Exercise description:
Leaving out each picture, transcribe the lines of the listing below exactly from the first through the line that contains "Father Sons Super".

Dataset excerpt:
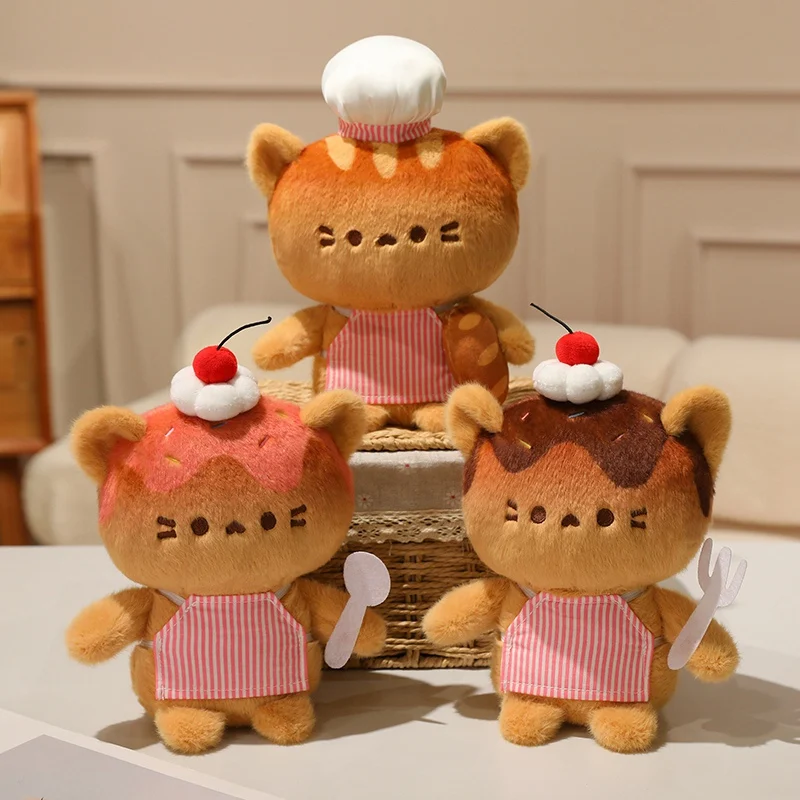 Cute Chef Cat Plush Toy Soft Kawaii Dessert Kitten Stuffed Doll with Cherry Cake Decor, Cartoon Animal Plushie Gift for Kids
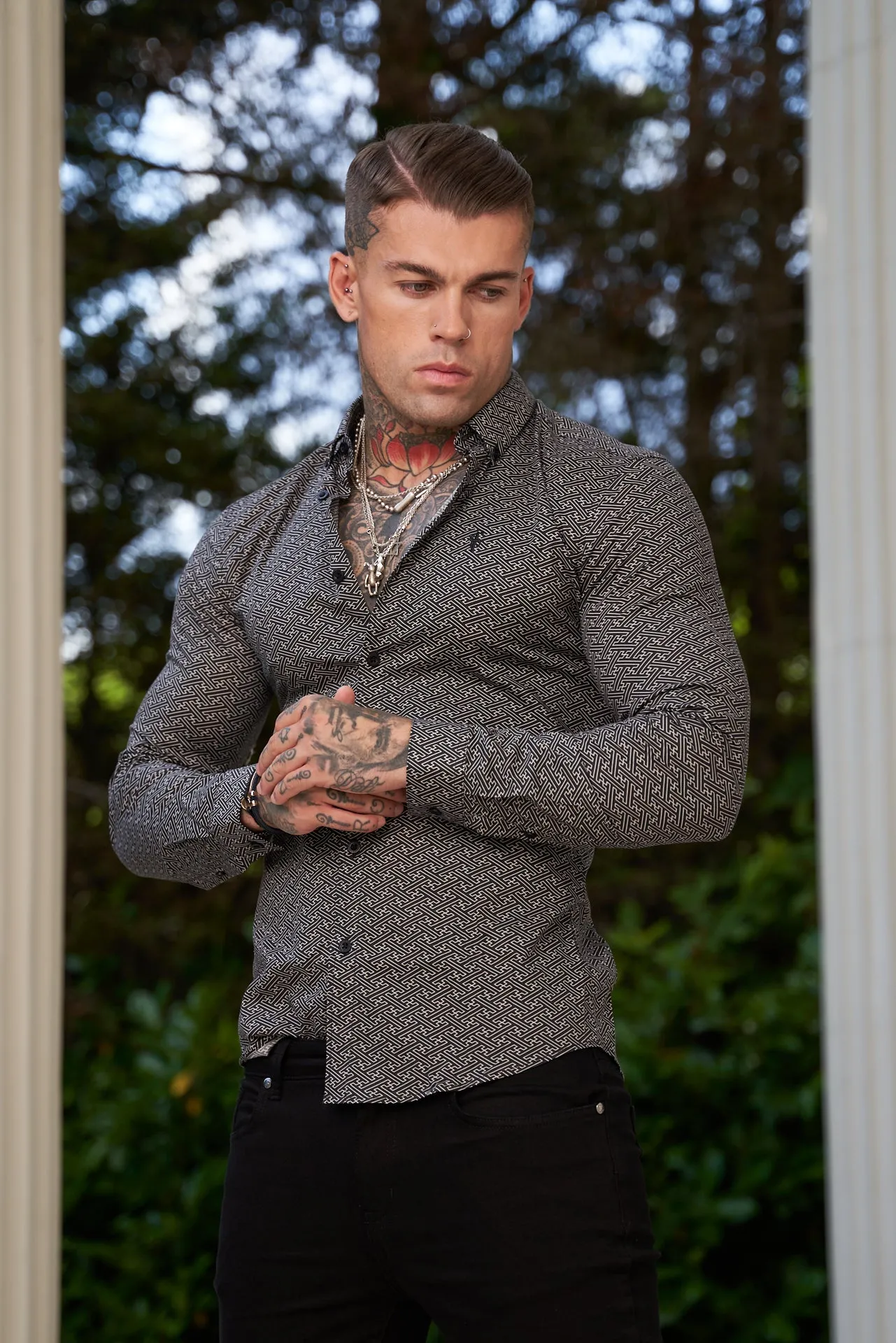 Father Sons Super Slim Stretch Black and Off White Abstract Print Long Sleeve with Button Down Collar - FS786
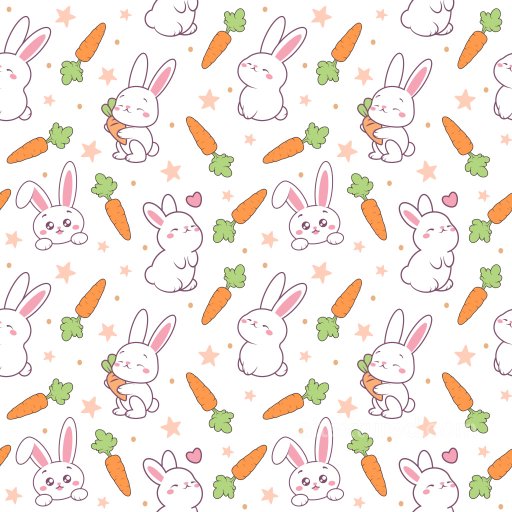 Pattern PBR Texture Featuring Adorable Bunny and Carrot Motifs in Pastel Colors seamless Pattern Bundle PBR texture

Exercise solution:
 Cute Chef Cat Plush Toy Soft Kawaii Dessert Kitten Stuffed Doll with Cherry Cake Decor, Cartoon Animal Plushie Gift for Kids
 Father Sons Super Slim Stretch Black and Off White Abstract Print Long Sleeve with Button Down Collar - FS786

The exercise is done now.